Agronomic engineers have managed to improve upon one the most important biological process on the planet – photosynthesis. The increased yield in crop could be as much as 15%.
Analysts say this is a crucial step towards increasing sustainable food production to supply our ever-growing global population.
The breakthrough, published in the journal Science, used genetic modification to boost the amount of sunlight energy that plants can channel into food production.
140-Steps to Photosynthesis
After decades of research into the 140-step process by which plants convert sunlight into energy, scientists have revealed specific “inefficiencies in crops” – bottlenecks holding up the conversion of sunlight energy into food. The new research was aimed at tackling one of those bottlenecks.
Photo-inhibition: A Plant’s Natural Sun Protection
The scientists targeted plant life’s natural Sun-protection mechanism, using tobacco (Nicotinia) plants.
While plants have advanced throughout their evolution to sustain themselves and grow using Sun light energy, they have also evolved a safeguard mechanism to shield themselves from Sun damage, which in turn slows the growth process down.
The leaf induces a process that dissipates excess energy as heat. The extent of this photo-inhibition mechanism – a light-induced reduction in the photosynthetic capacity of a plant – is associated with a balance between the rate of photo-damage and its repair.
When a cloud passes in front of the Sun, however, the plant receives less sunlight.
Theoretically, the plant could use up all of the energy it receives when the amount of sunshine decreases, but it keeps on releasing that energy as heat.
The photosynthetic systems simply do not adapt to fluctuating light conditions rapidly enough, thus reducing photosynthesis efficiency.
Herein lies the challenge.
What lead researcher Professor Sophie Long and her team from the University of Illinois and University of Lancaster have done is to accelerate the process through which heat loss switches on-and-off.
They sought to bio-engineer an accelerated response of the plant to naturally-occurring shading events.
For this, the scientists inserted extra copies of the genes that mediate this heat-loss switch. The results showed an increased leaf carbon dioxide uptake and plant dry matter productivity.
And when they grew their genetically modified tobacco crop, they found it grew 15% larger than normal. A major improvement.
Globally, rice, wheat, maize and soybean are the biggest crops. The researchers are now aiming to make this change in rice, soy and wheat.
A 15% yield increase in those crops would be a huge improvement. It would greatly alleviate the future pressure on the overall food supply.
According to the Food and Agriculture Organisation of the United Nations (UNFAO), that pressure will likely intensify in the coming years. By 2050, it is projected that the World’s nations will need to increase food production by 70%, as the global population soars to over 9 billion people.
Because the photo-protective mechanism that has been altered is common to all flowering plants and crops, the findings provide proof of concept for a route to obtaining a sustainable increase in productivity for food crops and a much-needed yield increase.
Ensuring the World’s Food Security
Considering the current rate of population growth on Earth, we are quickly going to reach a threshold to our ability to feed the World’s populations.
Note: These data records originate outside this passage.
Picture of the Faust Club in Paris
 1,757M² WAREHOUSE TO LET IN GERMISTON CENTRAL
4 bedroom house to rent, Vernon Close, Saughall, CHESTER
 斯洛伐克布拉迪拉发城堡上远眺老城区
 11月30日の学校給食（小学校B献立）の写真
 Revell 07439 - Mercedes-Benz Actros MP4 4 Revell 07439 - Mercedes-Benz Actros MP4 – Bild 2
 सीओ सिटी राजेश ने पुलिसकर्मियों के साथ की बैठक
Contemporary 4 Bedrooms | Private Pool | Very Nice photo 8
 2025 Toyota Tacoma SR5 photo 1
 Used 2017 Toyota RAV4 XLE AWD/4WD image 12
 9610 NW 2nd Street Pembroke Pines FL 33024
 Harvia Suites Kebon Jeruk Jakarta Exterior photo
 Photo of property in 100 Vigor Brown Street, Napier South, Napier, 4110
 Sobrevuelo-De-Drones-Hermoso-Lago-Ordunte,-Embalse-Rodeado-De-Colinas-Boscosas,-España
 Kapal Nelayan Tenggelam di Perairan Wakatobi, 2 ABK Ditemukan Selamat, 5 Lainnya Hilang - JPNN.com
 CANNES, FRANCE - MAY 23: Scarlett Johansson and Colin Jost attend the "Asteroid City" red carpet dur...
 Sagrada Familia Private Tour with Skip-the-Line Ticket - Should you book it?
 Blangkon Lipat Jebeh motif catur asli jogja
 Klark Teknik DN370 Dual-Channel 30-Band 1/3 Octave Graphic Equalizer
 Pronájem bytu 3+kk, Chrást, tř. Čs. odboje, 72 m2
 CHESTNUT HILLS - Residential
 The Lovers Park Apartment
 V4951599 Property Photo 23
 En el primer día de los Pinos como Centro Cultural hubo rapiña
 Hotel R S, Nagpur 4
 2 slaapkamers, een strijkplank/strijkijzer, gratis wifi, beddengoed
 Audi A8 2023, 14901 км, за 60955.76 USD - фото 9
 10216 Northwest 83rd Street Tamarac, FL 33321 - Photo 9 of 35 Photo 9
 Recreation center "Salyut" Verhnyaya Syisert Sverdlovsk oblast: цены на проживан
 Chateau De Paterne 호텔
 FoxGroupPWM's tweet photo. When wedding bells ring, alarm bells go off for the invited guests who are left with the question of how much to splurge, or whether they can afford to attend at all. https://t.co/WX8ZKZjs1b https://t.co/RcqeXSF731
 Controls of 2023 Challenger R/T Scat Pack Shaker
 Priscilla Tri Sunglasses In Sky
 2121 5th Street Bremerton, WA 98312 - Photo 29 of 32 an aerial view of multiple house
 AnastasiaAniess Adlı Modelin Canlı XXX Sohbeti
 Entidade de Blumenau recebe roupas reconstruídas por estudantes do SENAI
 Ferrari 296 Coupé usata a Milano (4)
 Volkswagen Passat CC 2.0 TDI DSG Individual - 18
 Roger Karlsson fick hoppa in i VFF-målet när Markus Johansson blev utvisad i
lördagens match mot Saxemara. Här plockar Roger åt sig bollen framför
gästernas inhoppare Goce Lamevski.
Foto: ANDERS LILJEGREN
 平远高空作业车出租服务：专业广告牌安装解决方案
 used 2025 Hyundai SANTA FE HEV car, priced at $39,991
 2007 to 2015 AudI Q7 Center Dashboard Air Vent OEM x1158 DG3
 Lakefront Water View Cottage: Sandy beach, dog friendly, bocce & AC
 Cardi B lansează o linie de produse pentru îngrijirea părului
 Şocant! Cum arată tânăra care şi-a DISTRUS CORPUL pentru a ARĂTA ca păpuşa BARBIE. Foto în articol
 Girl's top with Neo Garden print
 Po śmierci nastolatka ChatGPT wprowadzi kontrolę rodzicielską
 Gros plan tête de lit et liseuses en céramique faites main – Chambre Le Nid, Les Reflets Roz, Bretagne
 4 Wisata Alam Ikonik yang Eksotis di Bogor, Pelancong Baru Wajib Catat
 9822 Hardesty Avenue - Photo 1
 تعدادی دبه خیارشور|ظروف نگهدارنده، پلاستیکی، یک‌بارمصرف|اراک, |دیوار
Today, many households are already spending almost 100% of their household income on food.
As things stand, many people do not get enough to eat.
But in the future?
Food production will need to increase by 70%.
In the Western world, food prices will continue to rise. And for a few of the poorest nations, the impact of population growth will be catastrophic.
The World needs urgent sustainable innovations to secure the global food supply.
Of course, this is merely one change, and we do not yet know if these plants will require more of other resources, like water. But it is critically important to increase harvest yields significantly, and in a sustainable way.
In terms of making Africa green and resolving the difficulties associated with farming in those parts of the World, improving those processes involved in photosynthesis is an important step in maintaining food security. Poor farmers would be able to cultivate staple crops that could grow well across a range of different environments. Whether during a drought or a flood, you could still have crops that remain viable even in the harshest of climatic conditions.
The breakthrough is vital.
With these new research developments, we could potentially achieve a World with zero hunger over the next 20 years.